A senior Supreme Court lawyer has said the apex court’s decision to appoint a committee to talk to the anti-CAA protesters at Shaheen Bagh with an aim to relocate them is tantamount to taking up an executive role and doing something the government should have done.
Lawyer Kaleeswaram Raj also said the Supreme Court had failed to “exercise its dharma” when confronted with significant issues like the demolition of Babri Masjid, demonetisation, Kashmir, arrests of activists and misuse of CrPC Section 144, adding that the top court had not been able to “act as the guardian of the Constitution” and now people had started “re-constitutionalisation” through protests on the streets.
“The efforts for talks with the Shaheen Bagh protesters initiated by the Supreme Court shows the top court converting itself from a constitutional court to an executive court,” Raj told The Telegraph on Tuesday.
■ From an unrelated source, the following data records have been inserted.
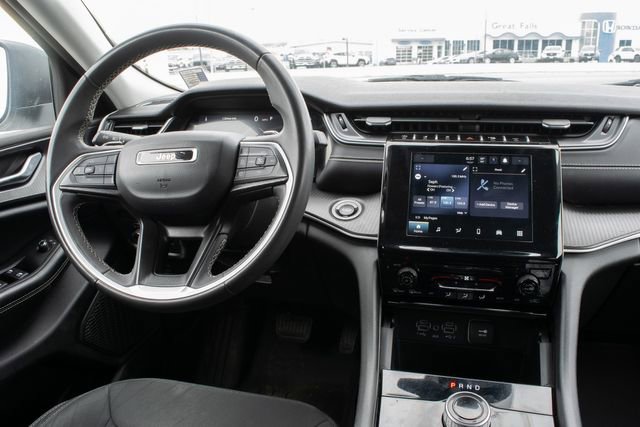 Used 2023 Jeep Grand Cherokee Laredo AWD/4WD image 24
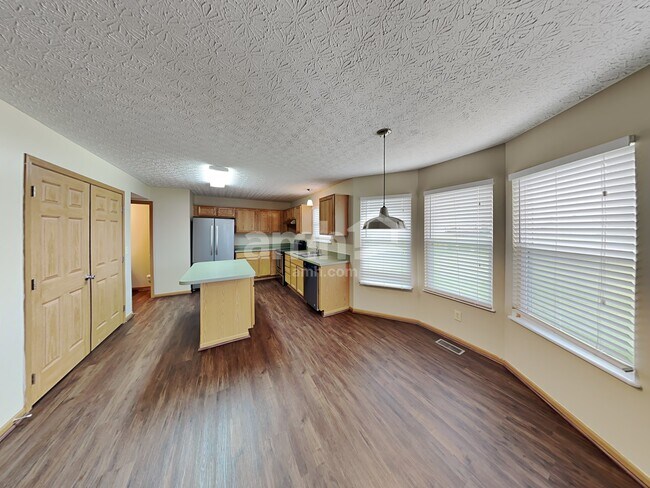 Foto del edificio - 7630 Blacklick Ridge Blvd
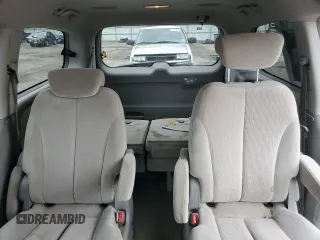 2007 Kia Sedona LX with VIN KNDMB233876174354, listed as a Copart auction lot 78527234 with 236,048 mi miles and Salvage Title. Bid and sale history available at carsss.com. Image 10.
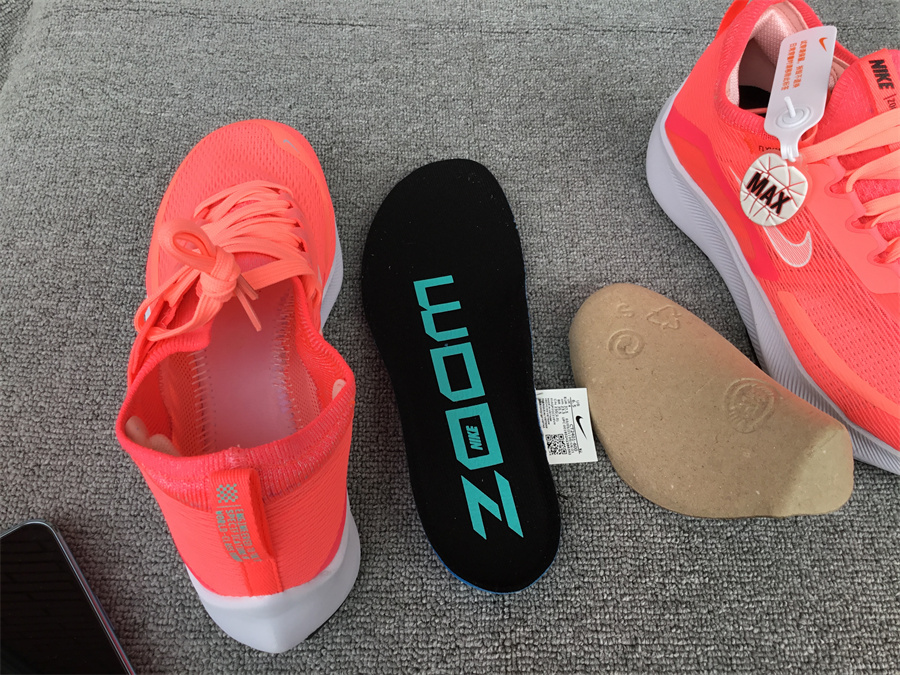 Nike Zoom Fly 4 Carbon Plate Running Shoe CT2401-600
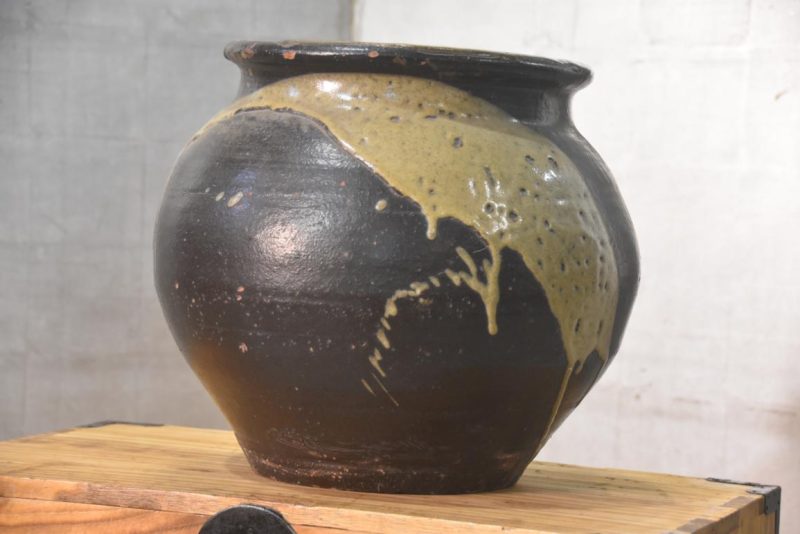 Antique Iron Glaze Tsubo Urn Height:310mm - Image 2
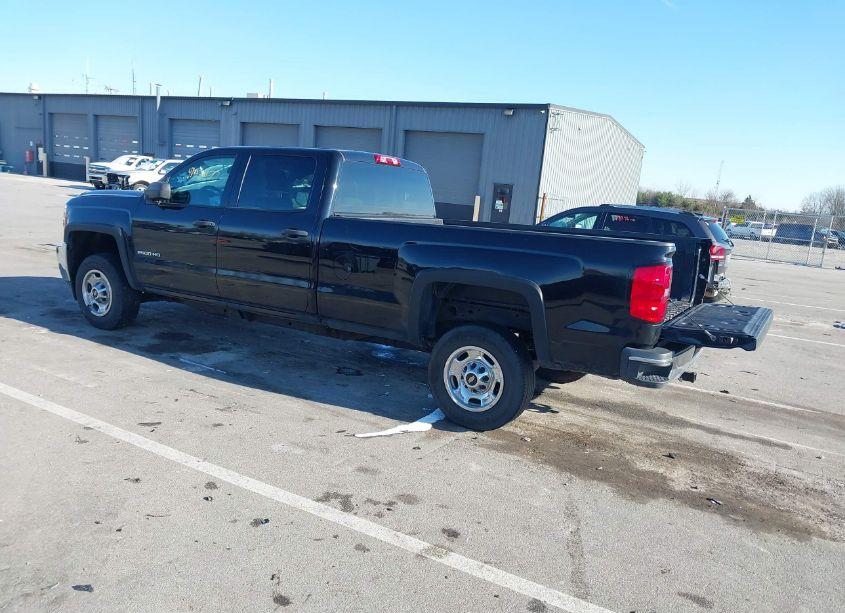 Photo 3 of 2015 Chevrolet Silverado 2500HD WT (VIN 1GC1CUEG0FF627540)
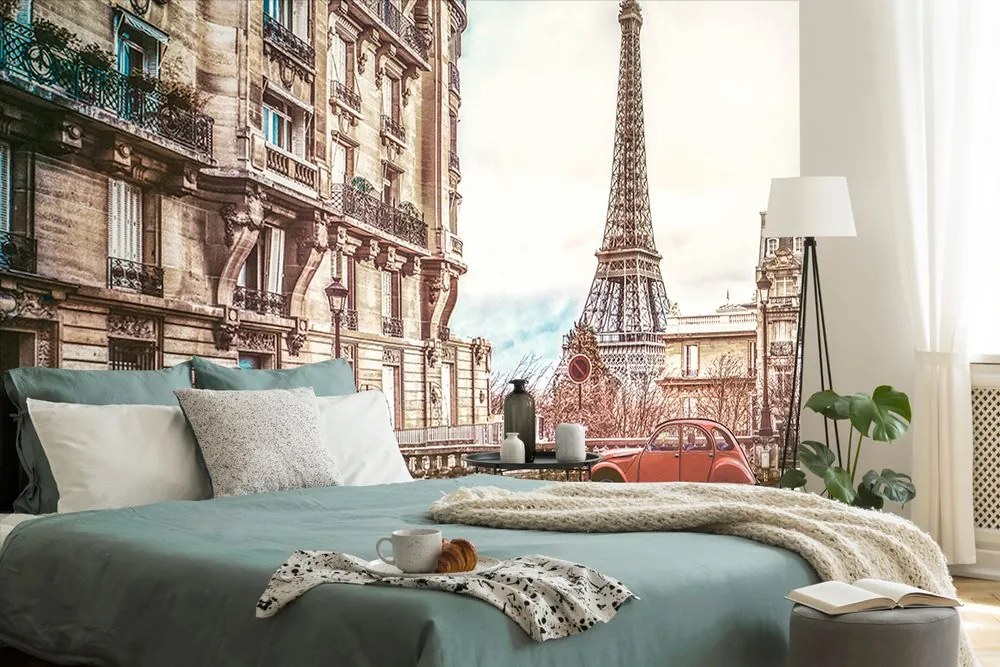 Carta da parati autoadesiva – Vista della Torre Eiffel dalla strada di Parigi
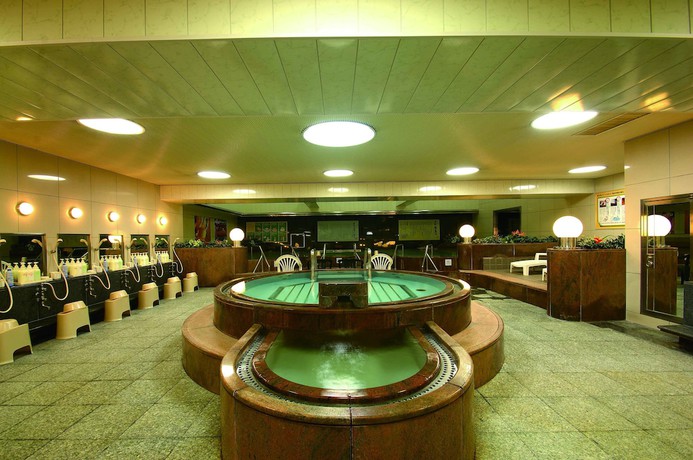 Imagen de la piscina del Hotel Nikoh Capsule Refre - Hostel - Caters To Men. Foto 17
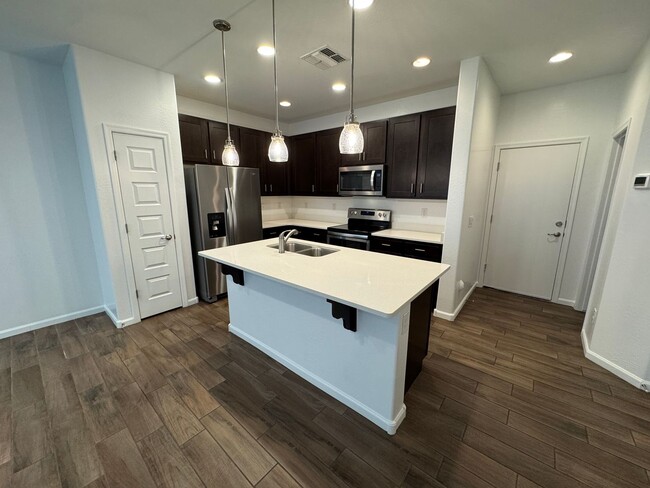 Building Photo - Beautiful newer townhome located in Tempe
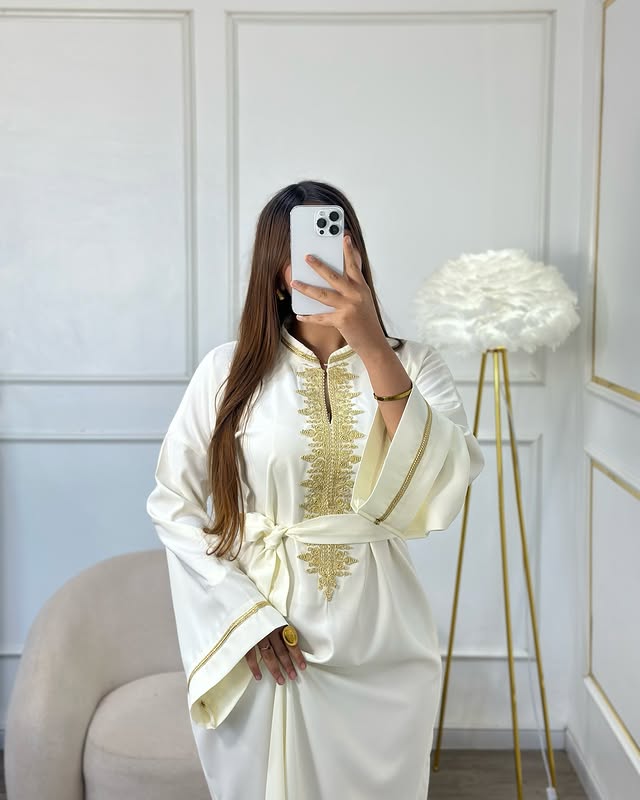 Caftan Élégance Nacrée – Raffinement et prestige en toute légèreté ✨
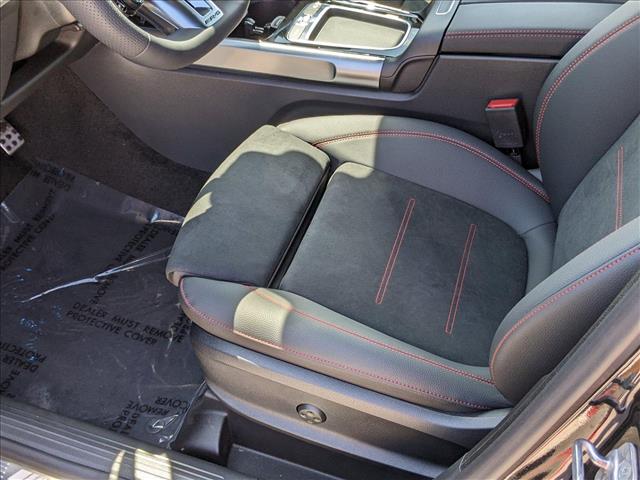 2024 Mercedes Benz GLB AMG 35 4MATIC photo 4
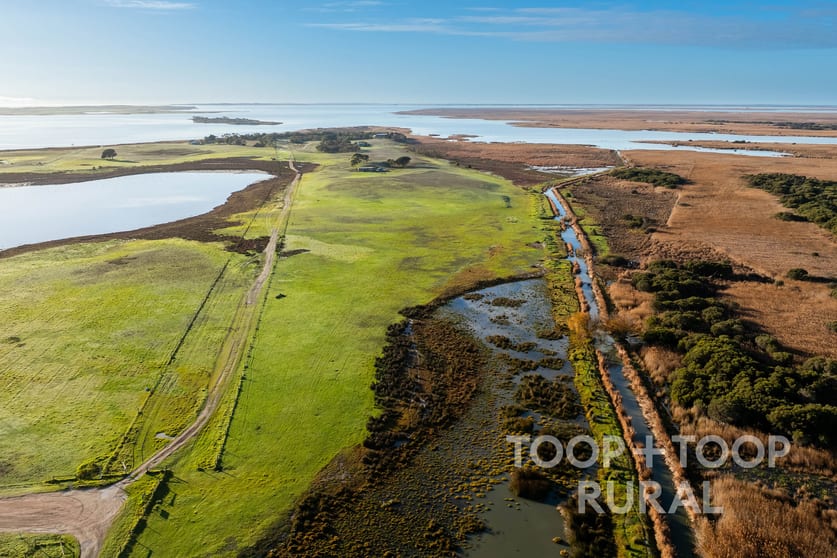 Click to view all images 135/135 Randell Road Hindmarsh Island SA 5214 - Image 2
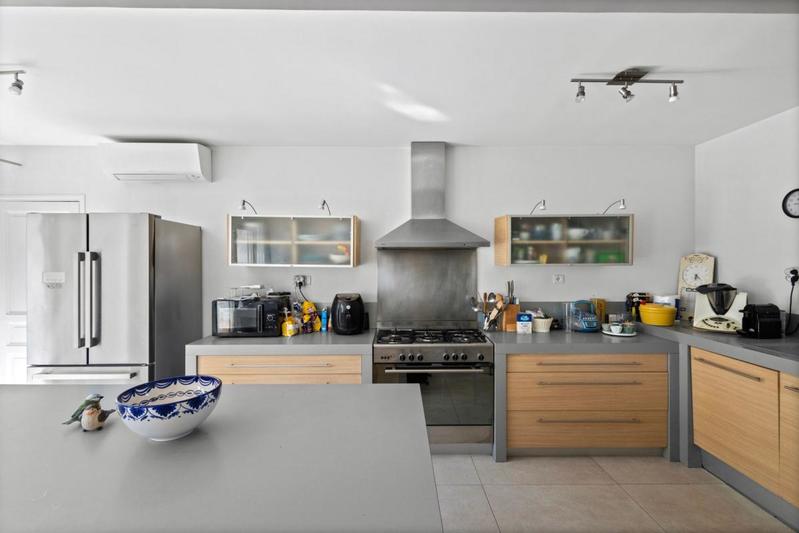 Maison - 187 m² - 6 pièces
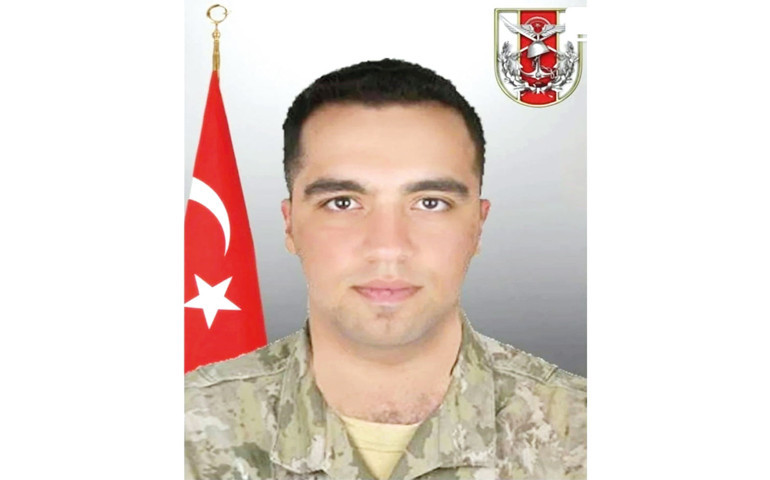 Vatan size minnettar... Şehitlerimizi yüreğimize gömdük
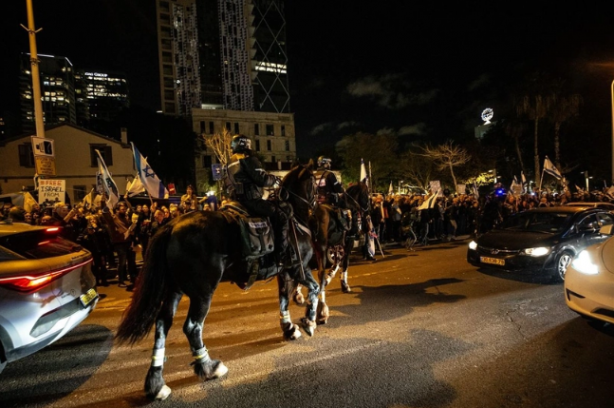 Foto - Gazze'deki İsrailli esirlerin yakınları Netanyahu'yu protesto etmek için bakın ne yaptılar?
“The court is not an extension of the executive, nor its substitute. It has to act as the umpire of democracy,” he said. “Going by the constitutional scheme, what is contemplated is judicial review of executive and legislative actions and inactions. That is the dharma of a constitutional court.”
The apex court has appointed a committee headed by senior lawyer Sanjay Hegde and having as members former central information commissioner Wajahat Habibullah and lawyer Sadhna Ramachandran and given them a week to hold discussions with the Shaheen Bagh protesters whose vigil has crossed 60 days.
“I have high regard for the credentials of Sanjay Hegde, who is probably the best person to head this committee as he is a truly secular person. But talking to the protesters is the job of the government,” Raj said.
Let alone speaking to the protesters, many BJP leaders including Amit Shah and Narendra Modi have targeted and vilified those at Shaheen Bagh.
After incendiary slogans like “Desh ke gaddaron ko, goli maaro…”, shots have been fired at the vigil.
The Supreme Court bench of Justices Sanjay Kishan Kaul and K.M. Joseph is hearing petitions seeking the eviction of the protesters.
Raj made it clear that he is not saying the court should not have assigned the task to the committee. “Nevertheless, one cannot be so euphoric about it when you look at the larger and more fundamental function of the Supreme Court.”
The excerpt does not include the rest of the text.